» THE TASK
Skip pictures in the listing below; copy exactly the lines from the one with "Banarasi pure katan" through the one with "ASOS DESIGN tailored", inclusive.
BEGIN INPUT DATA
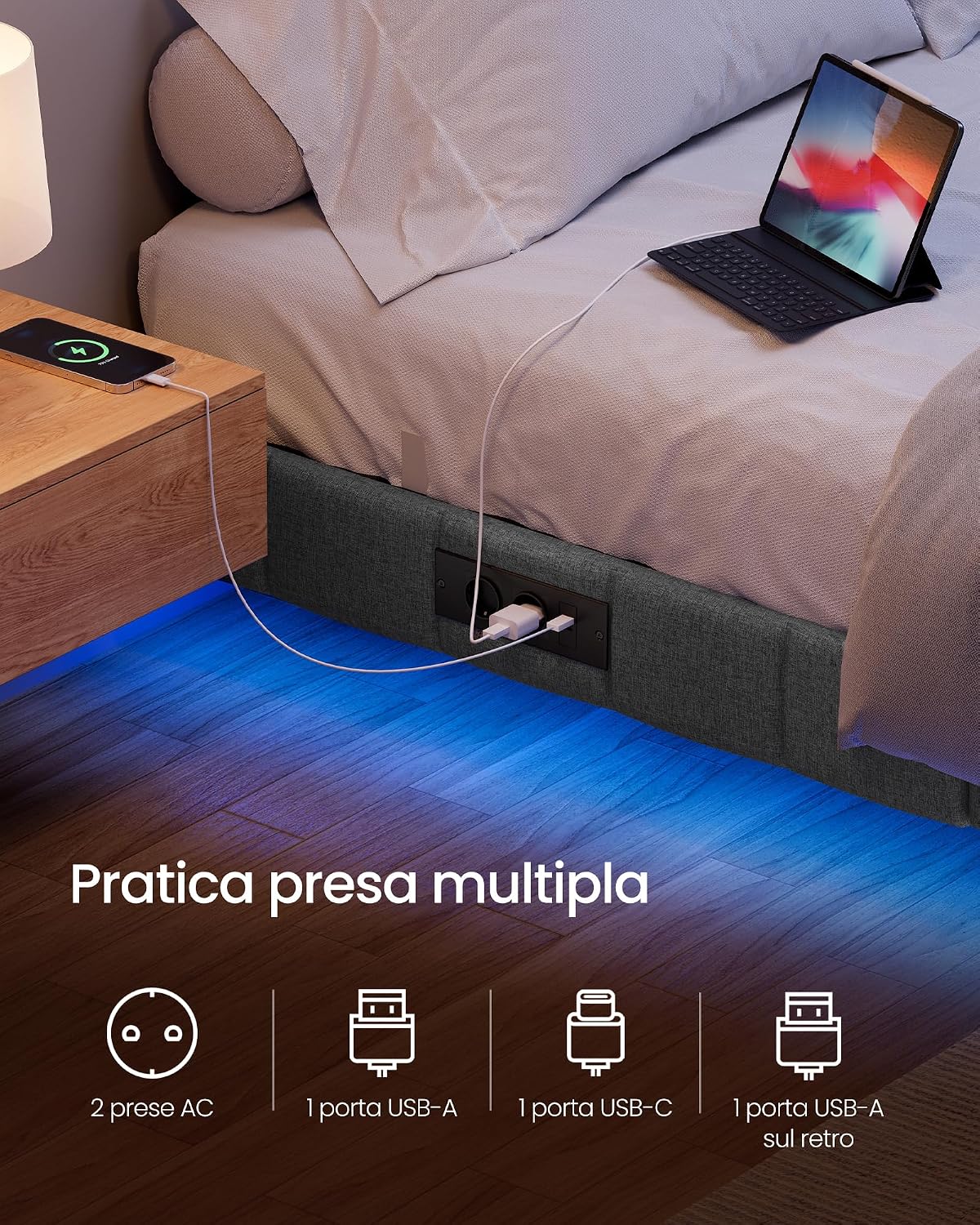 Thumbnail 3 de VASAGLE Struttura Letto Effetto Fluttuante 160x200 cm con LED, prese e USB – Grigio Ardesia RMB165G101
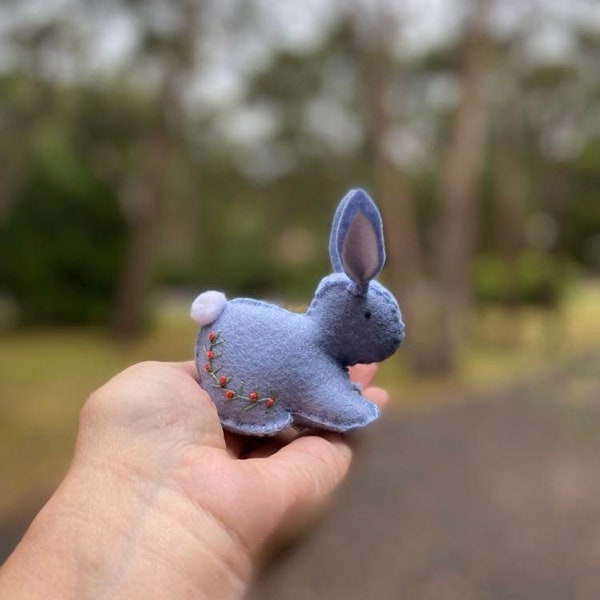 Bunny Rabbit Keepsake Plush Soft Toy - Wool Felt Embroidered Easter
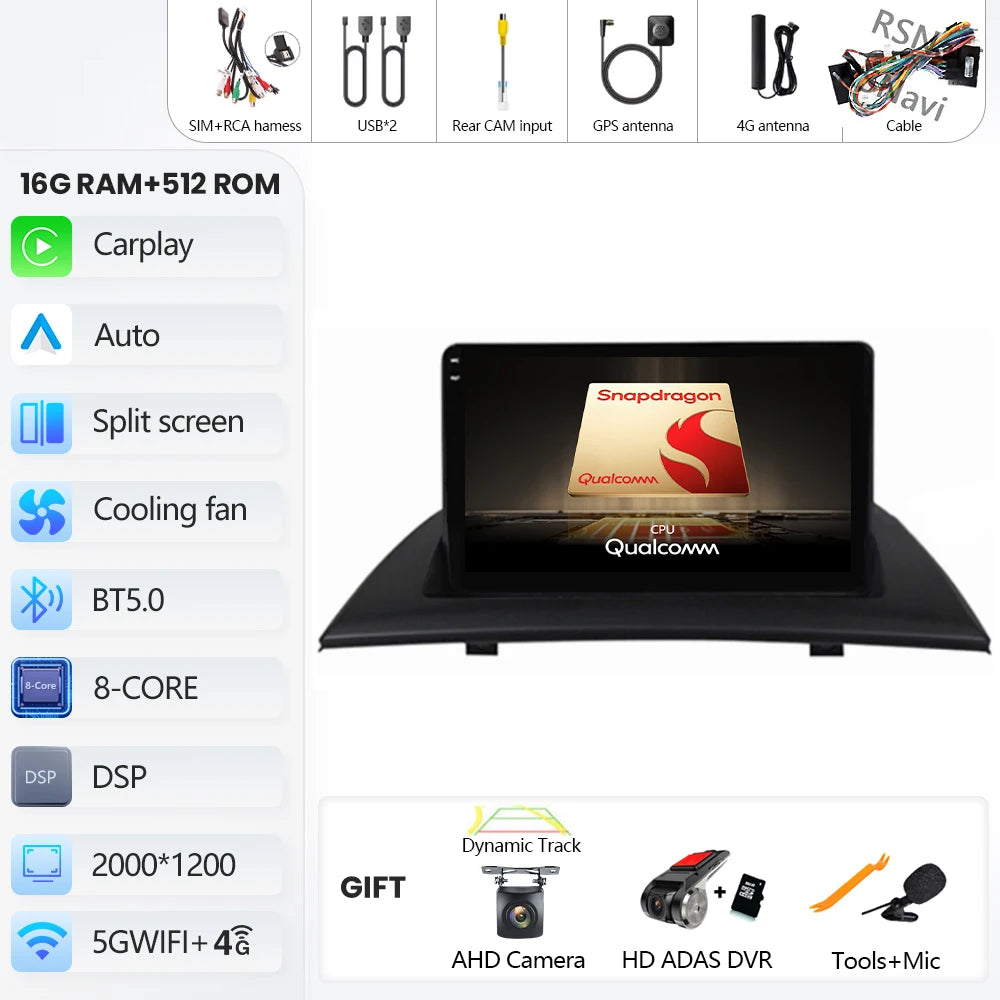 Android 16 Carplay Auto For BMW X3 E83 2004 - 2012 Car Radio GPS Player Multimedia stereo 360 Camera Navigation Video AI Voice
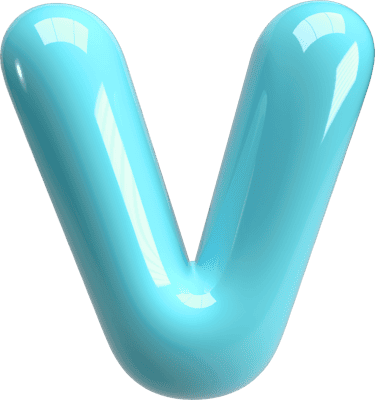 Bubble Letter (3D - Light Blue) V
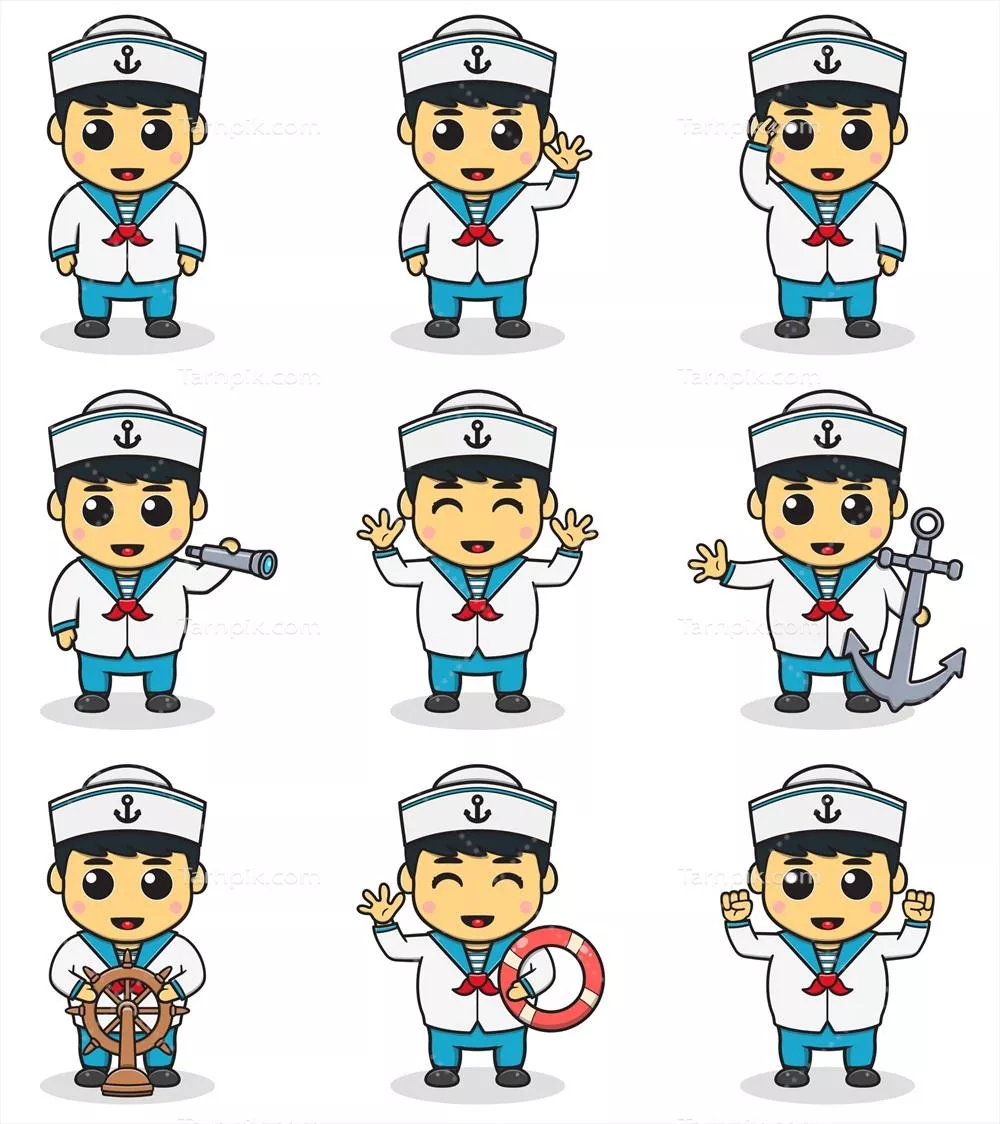 تصویر وکتوری از شخصیت پسر بچه دوستداشتنی در حال پوشیدن یک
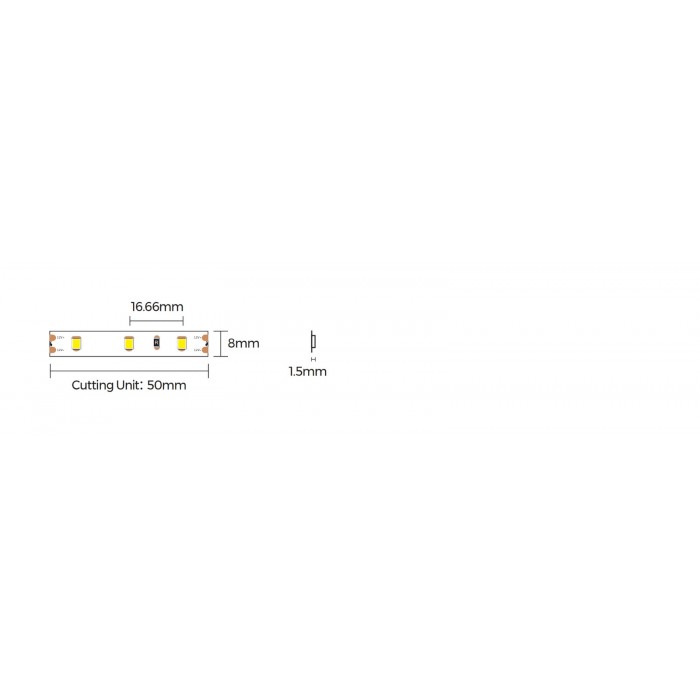 LED стрічка COLORS 60-2835-12V-IP20 4.2W 399Lm 3000K 5м (D860-12V-8mm-WW)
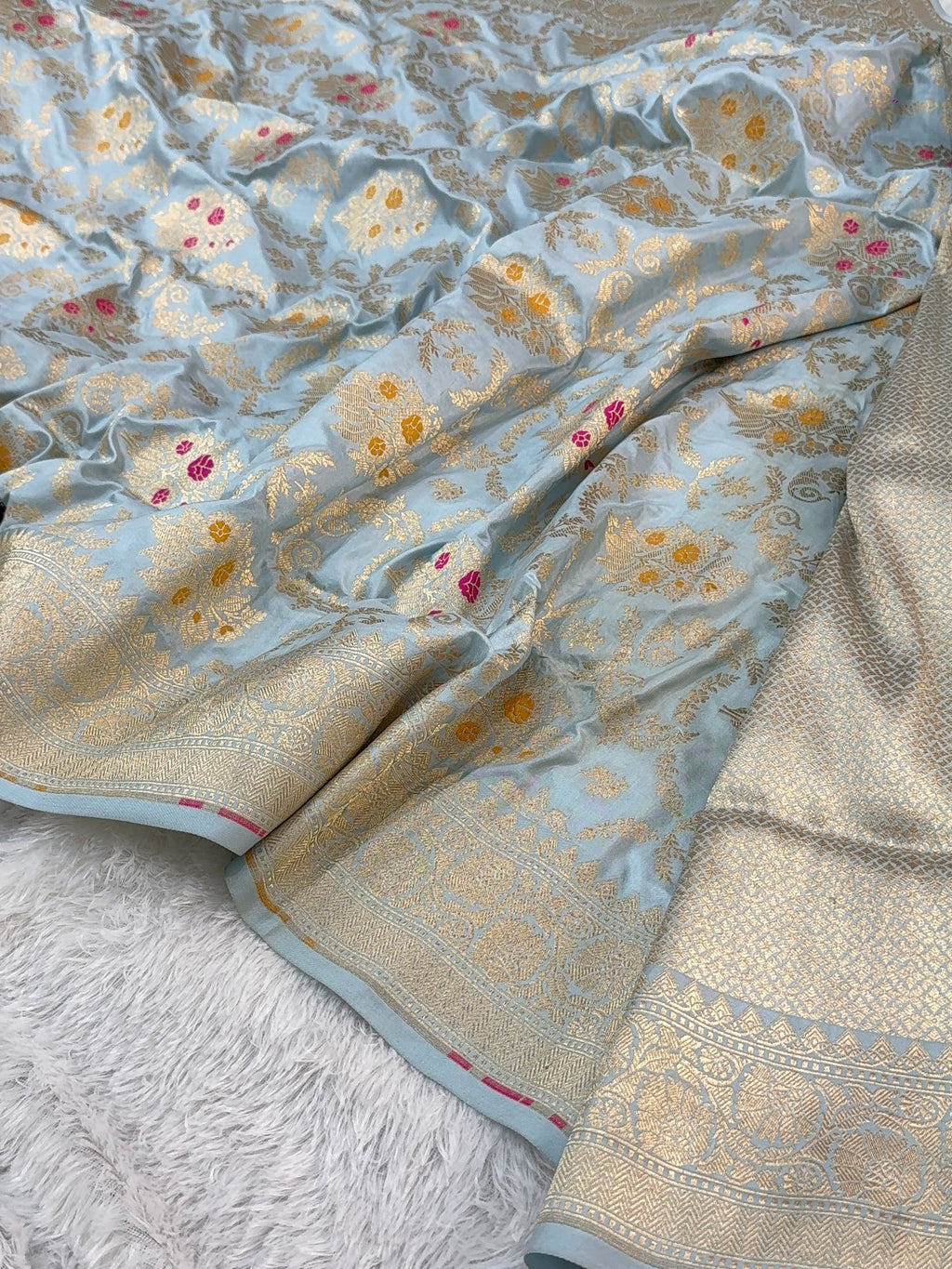 Banarasi pure katan silk saree with meenakari jaal design in Powder Blue color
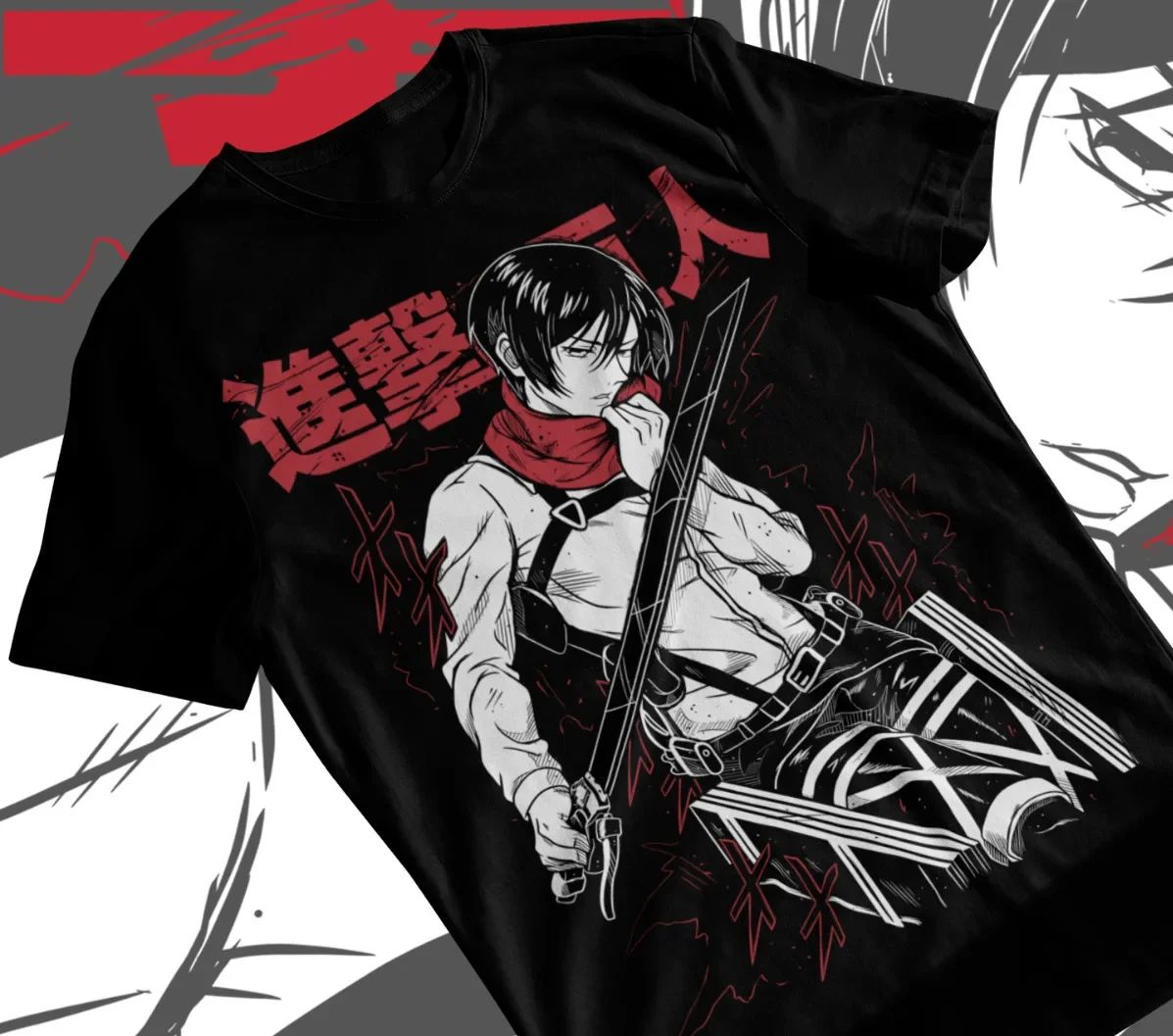 열혈 애니메이션 진격의 거인 에렌과 미카사 O-넥 코튼 - Anime Merchandise Men 리뷰 및 가격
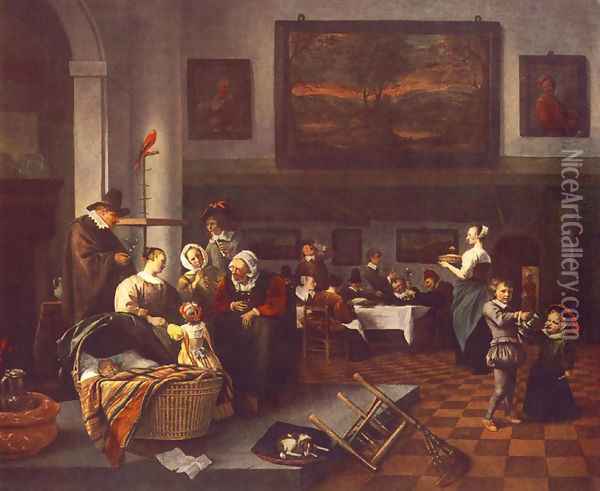The Christening Oil Painting - Jan Steen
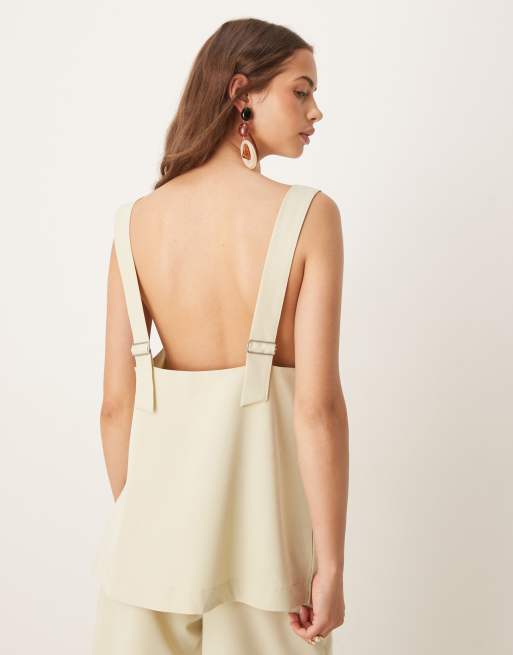 ASOS DESIGN tailored square neck top with utility buckle straps co-ord in pistachio, 4 of 4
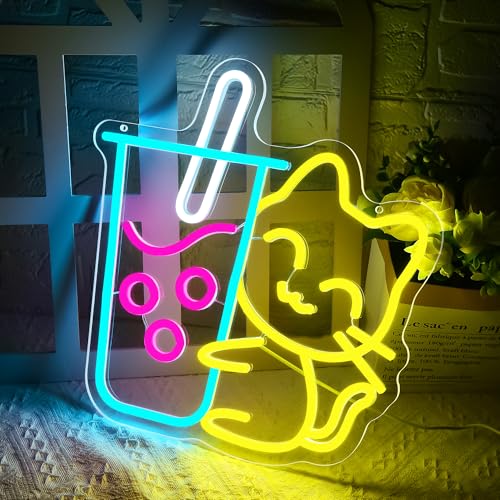 Image of Cat Boba Tea Neon Sign for Wall Decor Dimmable Bubble Tea LED Neon Sign for Cafe Bar Restaurant Coffee Dessert Shop Bedroom Decoration Size13.2 * 13.7In(WZCP019)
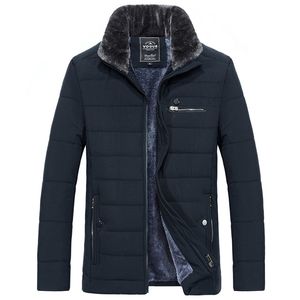 Men's Warm Jacket Winter Parka Fur Collar Windbreaker Cotton Padded Anorak Thick Black Coat Male Casual Autumn Fleece Jacket Men 211023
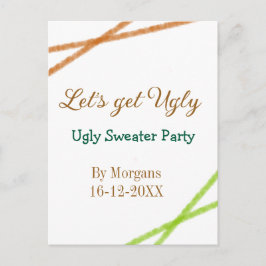 Carte Postale Let's get ugly Christmas ugly sweater Partyorange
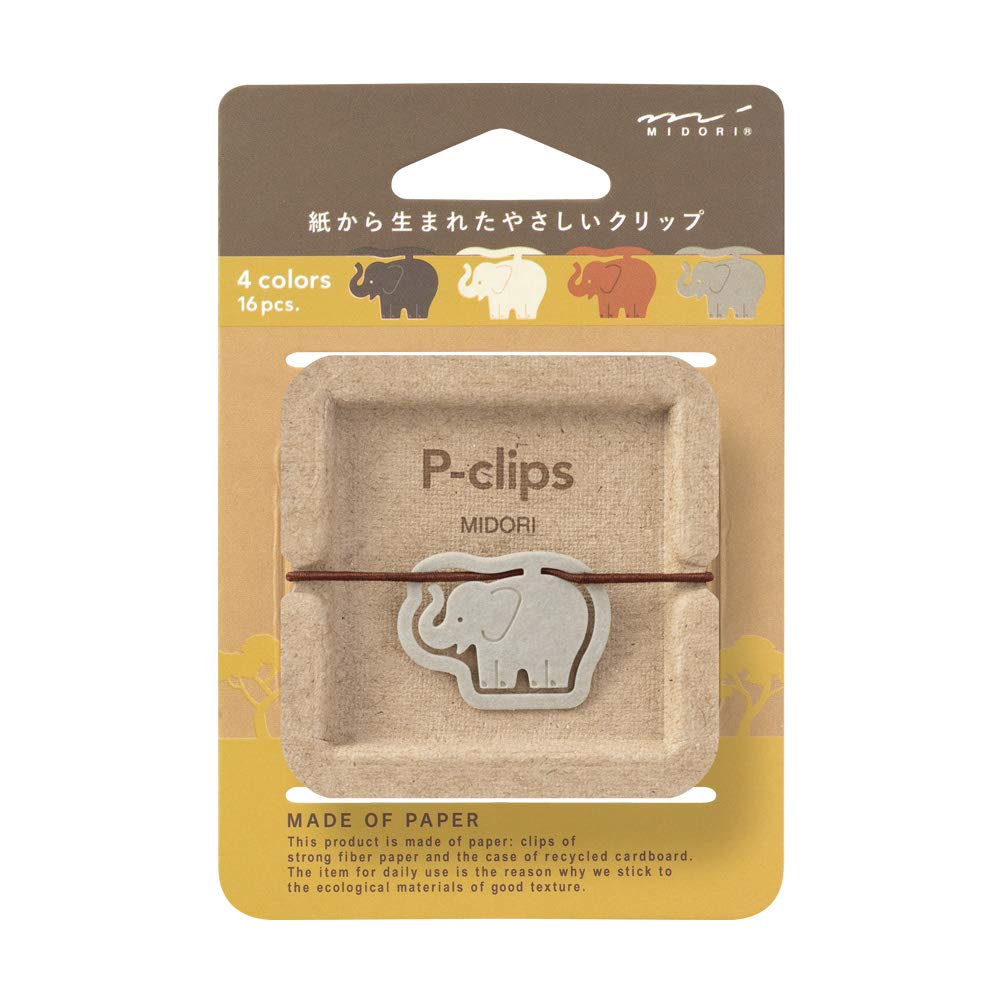 Midori 43398006 Peace Clips Elephant Pattern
END INPUT DATA
» THE COMPLETED TASK
 Banarasi pure katan silk saree with meenakari jaal design in Powder Blue color
 열혈 애니메이션 진격의 거인 에렌과 미카사 O-넥 코튼 - Anime Merchandise Men 리뷰 및 가격
The Christening Oil Painting - Jan Steen
 ASOS DESIGN tailored square neck top with utility buckle straps co-ord in pistachio, 4 of 4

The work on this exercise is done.